WHAT THE EXERCISE ASKS: Please print nothing but the lines from the one with "Prodej bytu 2+kk, Lipůvka, 40 m2" to the last line of the records below, and omit pictures.

DATA PROVIDED:
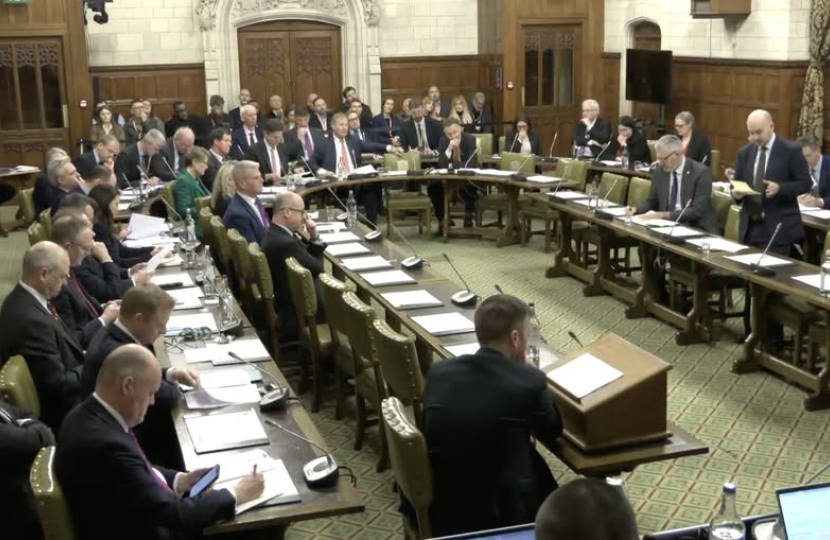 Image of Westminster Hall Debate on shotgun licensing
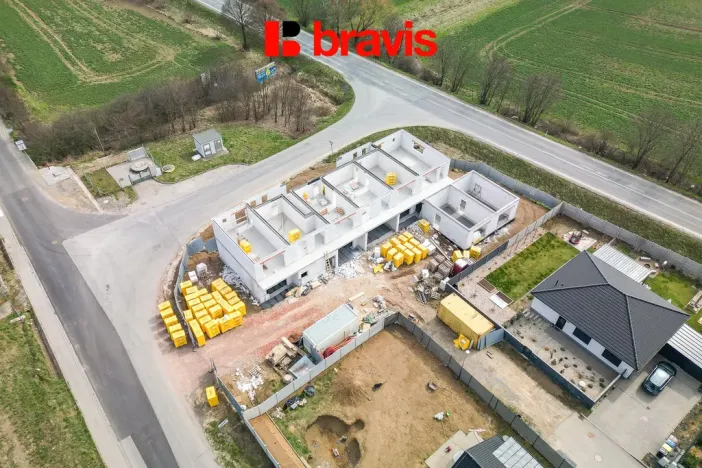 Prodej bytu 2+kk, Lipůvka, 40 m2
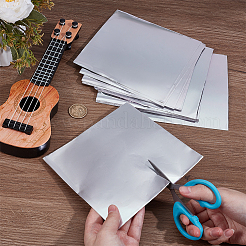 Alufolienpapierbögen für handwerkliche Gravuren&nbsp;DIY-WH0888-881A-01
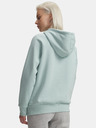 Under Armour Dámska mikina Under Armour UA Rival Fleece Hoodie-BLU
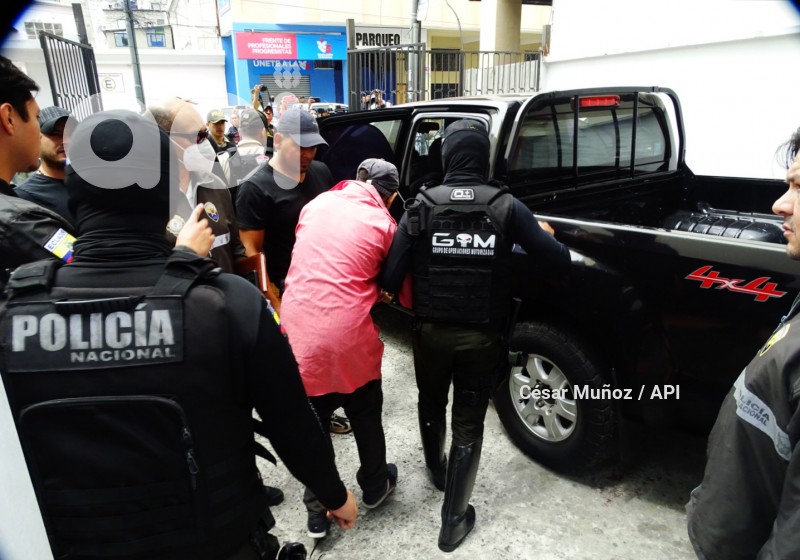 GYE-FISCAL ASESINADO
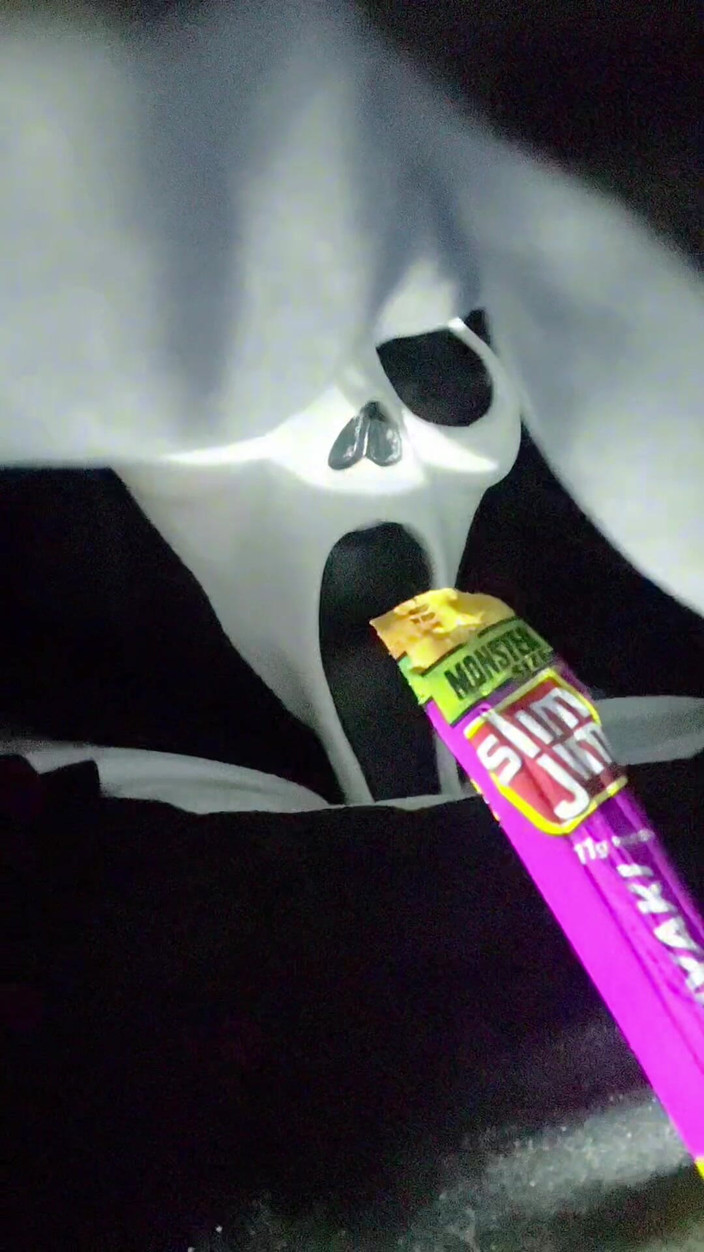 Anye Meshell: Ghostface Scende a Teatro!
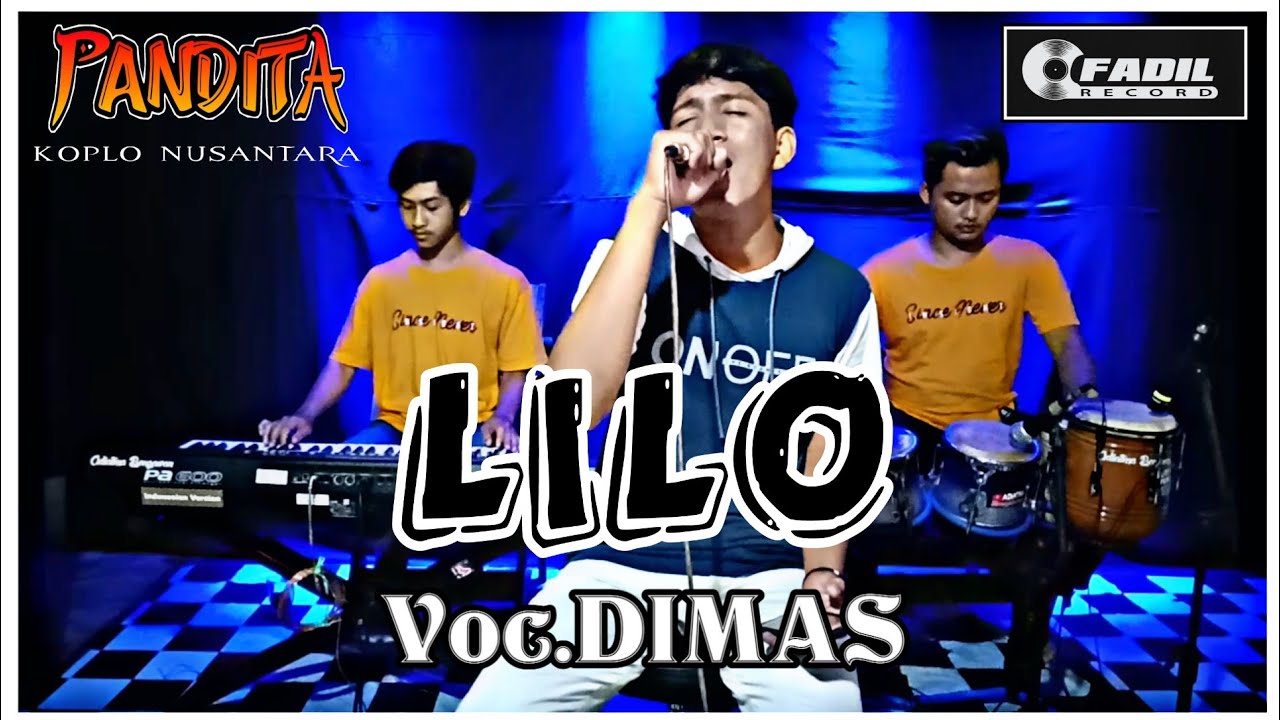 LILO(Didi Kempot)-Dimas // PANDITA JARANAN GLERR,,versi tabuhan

EXERCISE SOLUTION:
 Prodej bytu 2+kk, Lipůvka, 40 m2
 Alufolienpapierbögen für handwerkliche Gravuren&nbsp;DIY-WH0888-881A-01
 Under Armour Dámska mikina Under Armour UA Rival Fleece Hoodie-BLU
 GYE-FISCAL ASESINADO
 Anye Meshell: Ghostface Scende a Teatro!
 LILO(Didi Kempot)-Dimas // PANDITA JARANAN GLERR,,versi tabuhan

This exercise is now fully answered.